> Action item:
Working through the data below, reproduce word for word the line with "358 Oak Tree" and every line after it, both ends included, and omit the pictures.

> Given information:
--- START ---
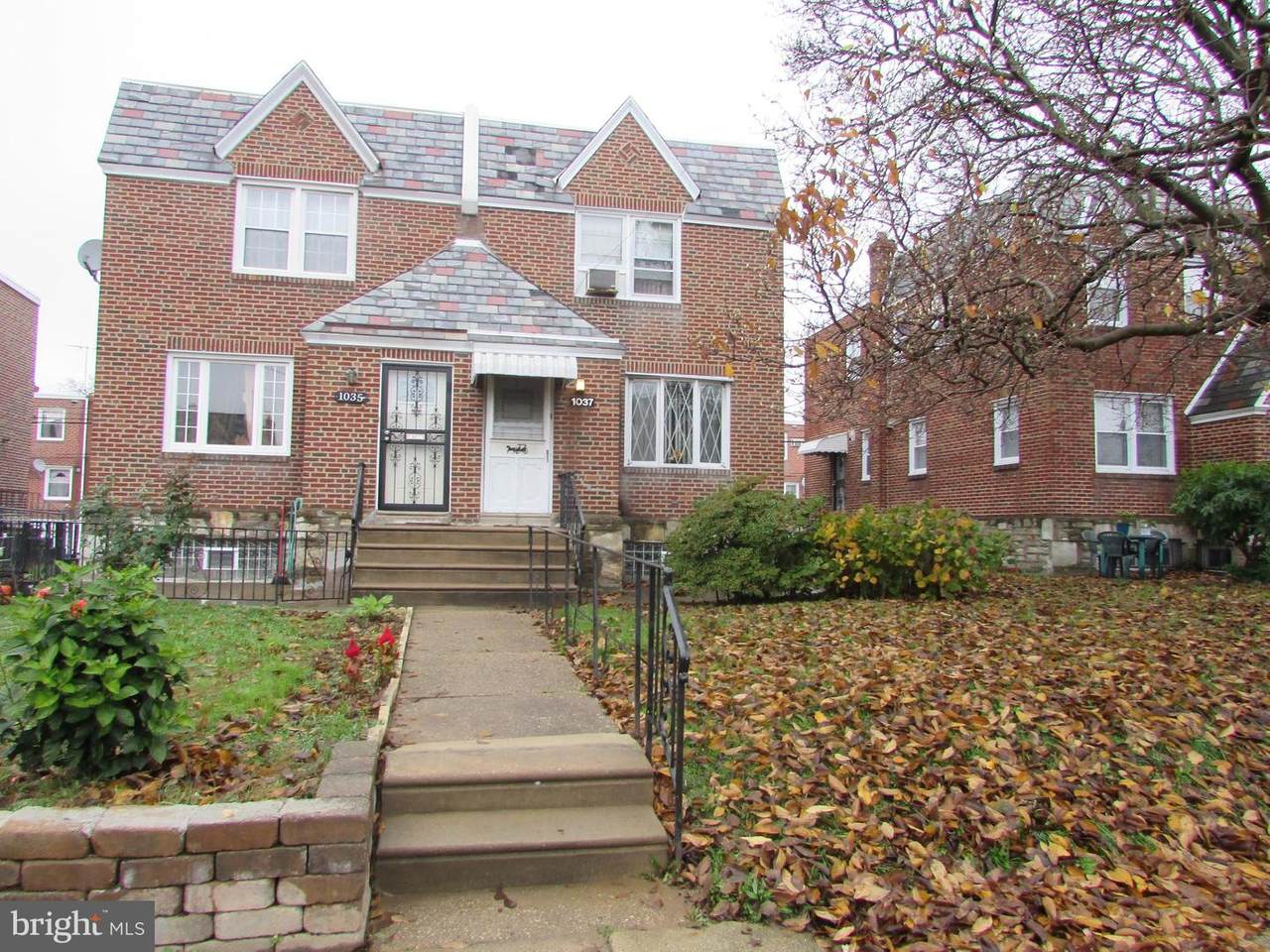 1037 Disston Street - Photo 1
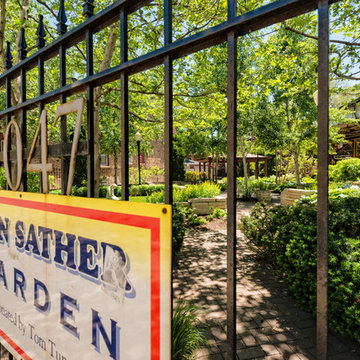 Small Chicago Park Tucked Between Two 'L' trains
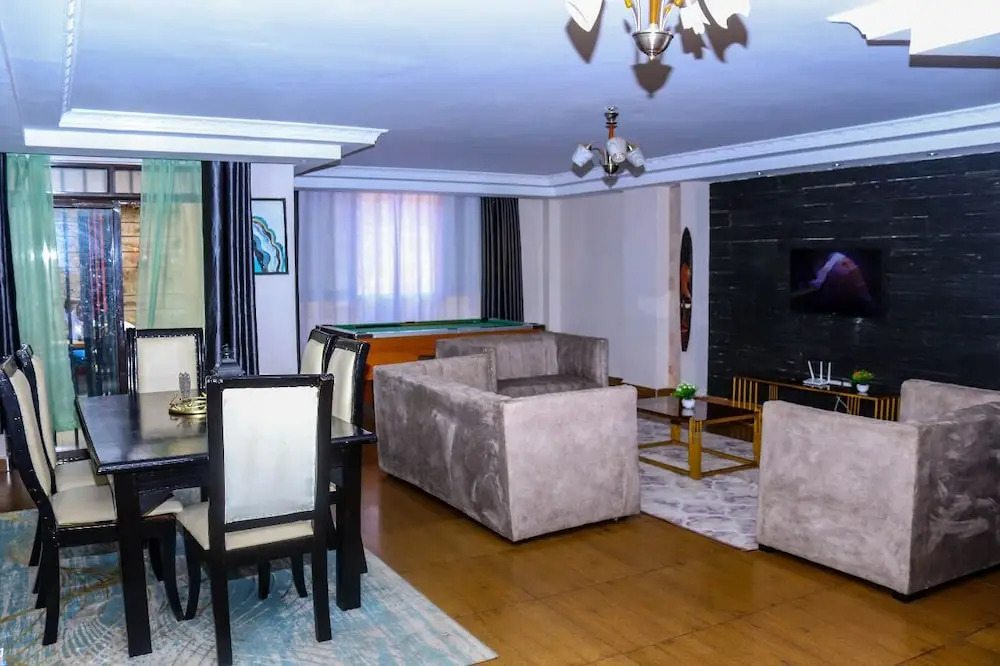 4 Bedroom Furnished Skyline Apartment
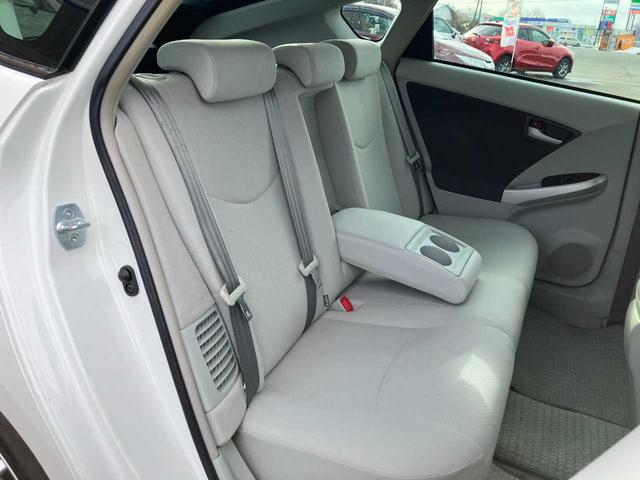 プリウス Ｓ　ワンオーナー／横滑り防止／寒冷地仕様／フロントガラス熱線／リアフォグランプ／フロントフォグランプ／純正１５インチアルミホイール（34枚目）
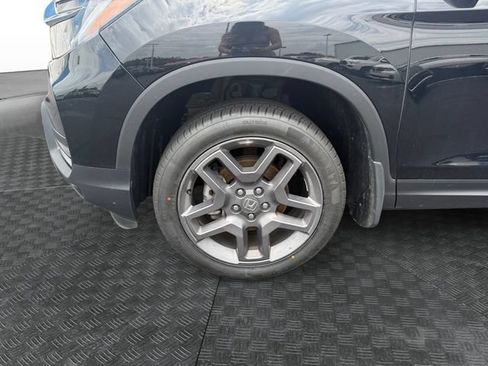 Used 2023 Honda Passport EX-L image 10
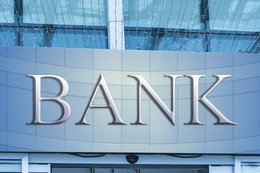 Sektor bankowy nowym źródłem ryzyka. Polska stosunkowo stabilna pomimo kredytów frankowych
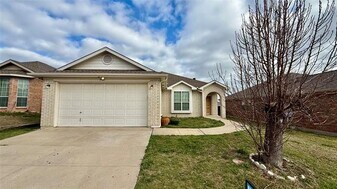 9904 Blue Bell Dr in Fort Worth, TX - Building Photo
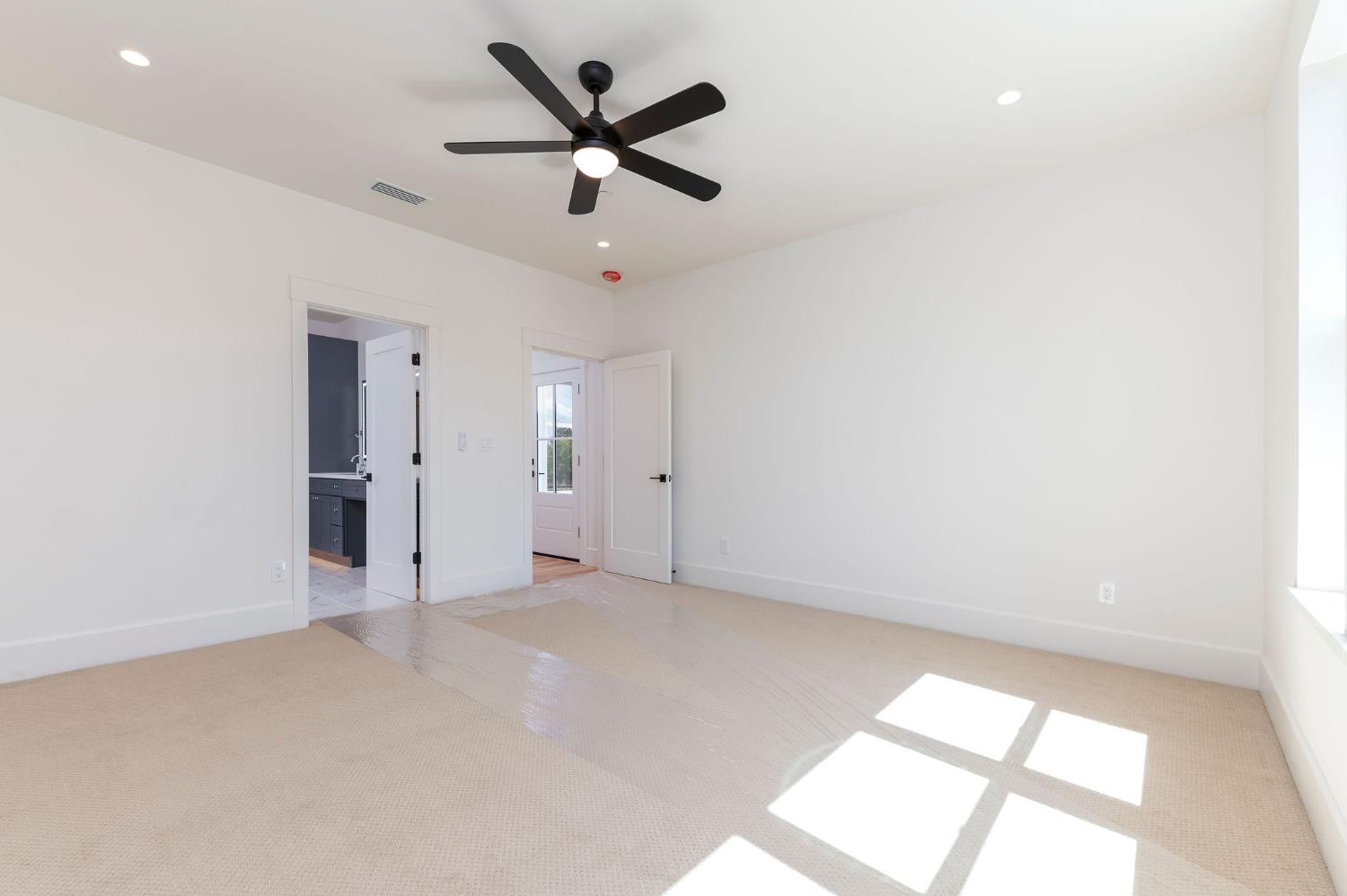 358 Oak Tree Circle Murphys, CA 95247 - Photo 19 of 70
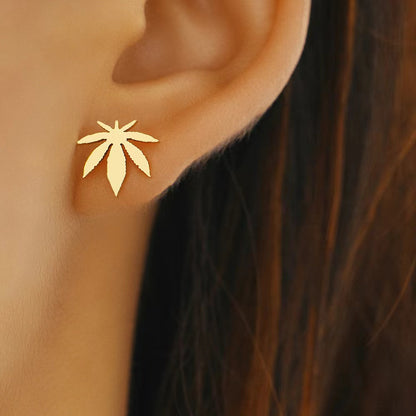 Exquisite Maple Leaf Amulet Fashion Stud Earrings Classic Simple Earrings For Women Jewelry Party Gifts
--- END ---
> Result of this task:
 358 Oak Tree Circle Murphys, CA 95247 - Photo 19 of 70
 Exquisite Maple Leaf Amulet Fashion Stud Earrings Classic Simple Earrings For Women Jewelry Party Gifts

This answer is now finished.